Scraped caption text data
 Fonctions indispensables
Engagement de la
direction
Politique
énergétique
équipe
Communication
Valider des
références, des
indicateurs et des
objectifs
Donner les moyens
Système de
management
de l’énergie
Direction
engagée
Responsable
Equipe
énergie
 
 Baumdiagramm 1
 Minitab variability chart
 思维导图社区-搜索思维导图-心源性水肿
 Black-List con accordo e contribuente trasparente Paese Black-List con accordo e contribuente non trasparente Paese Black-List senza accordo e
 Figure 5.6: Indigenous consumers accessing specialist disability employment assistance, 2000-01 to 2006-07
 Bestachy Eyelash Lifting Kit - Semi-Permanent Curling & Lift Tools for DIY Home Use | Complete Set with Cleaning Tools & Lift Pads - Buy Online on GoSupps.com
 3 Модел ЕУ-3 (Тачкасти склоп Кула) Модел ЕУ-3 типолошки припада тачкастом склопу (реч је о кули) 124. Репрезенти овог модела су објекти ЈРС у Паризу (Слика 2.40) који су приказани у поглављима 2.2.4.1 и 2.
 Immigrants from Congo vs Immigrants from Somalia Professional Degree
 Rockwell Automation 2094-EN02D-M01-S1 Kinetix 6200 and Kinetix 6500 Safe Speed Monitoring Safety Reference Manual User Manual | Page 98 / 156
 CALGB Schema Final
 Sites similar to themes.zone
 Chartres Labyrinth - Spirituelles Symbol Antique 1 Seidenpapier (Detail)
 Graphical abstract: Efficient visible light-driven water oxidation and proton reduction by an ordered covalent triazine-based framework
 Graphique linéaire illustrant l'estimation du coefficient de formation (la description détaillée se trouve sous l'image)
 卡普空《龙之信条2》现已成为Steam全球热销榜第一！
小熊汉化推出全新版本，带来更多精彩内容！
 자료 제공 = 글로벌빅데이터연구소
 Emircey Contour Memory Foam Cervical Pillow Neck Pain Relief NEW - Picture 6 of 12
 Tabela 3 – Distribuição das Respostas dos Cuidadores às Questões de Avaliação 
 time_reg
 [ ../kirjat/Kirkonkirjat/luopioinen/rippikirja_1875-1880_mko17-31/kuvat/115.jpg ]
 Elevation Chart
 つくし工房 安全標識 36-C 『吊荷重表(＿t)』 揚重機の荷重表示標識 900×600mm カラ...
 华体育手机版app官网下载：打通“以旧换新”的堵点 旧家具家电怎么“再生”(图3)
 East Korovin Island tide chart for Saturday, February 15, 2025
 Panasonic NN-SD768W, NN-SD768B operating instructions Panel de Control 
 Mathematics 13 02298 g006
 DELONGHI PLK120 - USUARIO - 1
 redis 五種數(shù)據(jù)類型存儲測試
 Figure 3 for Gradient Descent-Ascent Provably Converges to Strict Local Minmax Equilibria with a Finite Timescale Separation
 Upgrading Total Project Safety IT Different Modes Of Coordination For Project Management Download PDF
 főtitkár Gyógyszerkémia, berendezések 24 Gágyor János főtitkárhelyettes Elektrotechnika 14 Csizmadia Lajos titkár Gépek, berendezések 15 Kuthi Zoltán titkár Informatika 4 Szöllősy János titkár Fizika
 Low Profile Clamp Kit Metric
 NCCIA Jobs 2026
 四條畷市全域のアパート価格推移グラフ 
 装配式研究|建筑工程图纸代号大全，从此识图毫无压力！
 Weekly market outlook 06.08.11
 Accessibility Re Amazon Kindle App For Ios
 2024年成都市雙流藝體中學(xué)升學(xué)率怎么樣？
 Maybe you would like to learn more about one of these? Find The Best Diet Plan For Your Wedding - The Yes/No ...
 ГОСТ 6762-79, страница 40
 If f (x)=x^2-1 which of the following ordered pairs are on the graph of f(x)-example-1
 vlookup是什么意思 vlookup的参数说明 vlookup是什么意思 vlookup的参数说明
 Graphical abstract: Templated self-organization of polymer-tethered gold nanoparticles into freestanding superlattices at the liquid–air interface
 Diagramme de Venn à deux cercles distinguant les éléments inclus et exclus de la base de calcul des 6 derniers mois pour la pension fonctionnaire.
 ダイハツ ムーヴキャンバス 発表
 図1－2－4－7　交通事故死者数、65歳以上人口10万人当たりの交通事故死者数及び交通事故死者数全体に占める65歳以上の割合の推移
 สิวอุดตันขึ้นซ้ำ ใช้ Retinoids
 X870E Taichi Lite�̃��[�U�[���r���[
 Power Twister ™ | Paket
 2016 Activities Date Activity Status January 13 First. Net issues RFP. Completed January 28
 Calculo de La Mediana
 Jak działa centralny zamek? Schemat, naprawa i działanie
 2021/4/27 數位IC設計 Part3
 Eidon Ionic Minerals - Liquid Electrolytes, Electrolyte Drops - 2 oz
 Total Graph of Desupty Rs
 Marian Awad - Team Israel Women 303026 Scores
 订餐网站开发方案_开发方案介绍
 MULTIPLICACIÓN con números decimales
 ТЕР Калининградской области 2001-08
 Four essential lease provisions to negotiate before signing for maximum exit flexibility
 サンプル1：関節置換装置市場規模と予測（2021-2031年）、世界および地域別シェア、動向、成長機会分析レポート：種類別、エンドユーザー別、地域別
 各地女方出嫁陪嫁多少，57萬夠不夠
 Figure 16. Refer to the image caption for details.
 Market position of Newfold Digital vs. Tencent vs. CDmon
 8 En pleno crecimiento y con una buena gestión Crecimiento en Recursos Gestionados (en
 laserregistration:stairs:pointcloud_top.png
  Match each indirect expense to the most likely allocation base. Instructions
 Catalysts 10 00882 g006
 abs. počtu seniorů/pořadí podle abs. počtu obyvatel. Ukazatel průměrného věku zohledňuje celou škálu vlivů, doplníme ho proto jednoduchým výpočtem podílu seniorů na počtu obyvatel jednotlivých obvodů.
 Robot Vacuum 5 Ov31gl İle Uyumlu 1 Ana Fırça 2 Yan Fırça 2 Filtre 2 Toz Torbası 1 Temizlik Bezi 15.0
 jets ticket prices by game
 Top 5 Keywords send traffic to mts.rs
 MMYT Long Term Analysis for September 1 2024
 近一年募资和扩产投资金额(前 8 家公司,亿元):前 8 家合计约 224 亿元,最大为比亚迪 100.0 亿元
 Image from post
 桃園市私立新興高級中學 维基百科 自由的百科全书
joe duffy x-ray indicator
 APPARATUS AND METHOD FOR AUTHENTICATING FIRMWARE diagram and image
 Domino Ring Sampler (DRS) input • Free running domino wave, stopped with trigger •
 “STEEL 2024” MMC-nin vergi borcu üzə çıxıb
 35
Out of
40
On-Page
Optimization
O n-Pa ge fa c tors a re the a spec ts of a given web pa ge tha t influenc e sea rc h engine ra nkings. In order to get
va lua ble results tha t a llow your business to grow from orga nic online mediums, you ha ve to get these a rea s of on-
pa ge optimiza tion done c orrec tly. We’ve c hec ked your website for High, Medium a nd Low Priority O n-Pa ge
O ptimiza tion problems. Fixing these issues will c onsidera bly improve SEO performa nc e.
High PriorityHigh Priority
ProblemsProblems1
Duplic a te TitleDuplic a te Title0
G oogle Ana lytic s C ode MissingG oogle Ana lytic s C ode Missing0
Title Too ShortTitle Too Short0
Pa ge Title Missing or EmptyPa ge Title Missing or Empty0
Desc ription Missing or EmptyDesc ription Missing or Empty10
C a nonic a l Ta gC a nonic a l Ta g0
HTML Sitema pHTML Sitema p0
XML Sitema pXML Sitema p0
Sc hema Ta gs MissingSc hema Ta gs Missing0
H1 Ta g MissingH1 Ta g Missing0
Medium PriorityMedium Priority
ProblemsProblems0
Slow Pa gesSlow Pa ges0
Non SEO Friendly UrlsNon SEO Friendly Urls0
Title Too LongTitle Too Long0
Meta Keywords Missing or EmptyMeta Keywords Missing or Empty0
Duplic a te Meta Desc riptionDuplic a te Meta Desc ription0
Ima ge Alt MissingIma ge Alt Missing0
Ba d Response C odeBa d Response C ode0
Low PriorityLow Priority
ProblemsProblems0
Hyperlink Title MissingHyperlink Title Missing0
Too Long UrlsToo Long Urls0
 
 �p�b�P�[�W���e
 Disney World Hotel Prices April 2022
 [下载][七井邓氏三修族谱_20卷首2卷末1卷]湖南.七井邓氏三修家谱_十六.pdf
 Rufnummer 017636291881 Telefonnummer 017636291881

About this task:
Copy out each line of the records where the word "these" appears.

Task output:
 Maybe you would like to learn more about one of these? Find The Best Diet Plan For Your Wedding - The Yes/No ...
va lua ble results tha t a llow your business to grow from orga nic online mediums, you ha ve to get these a rea s of on-
O ptimiza tion problems. Fixing these issues will c onsidera bly improve SEO performa nc e.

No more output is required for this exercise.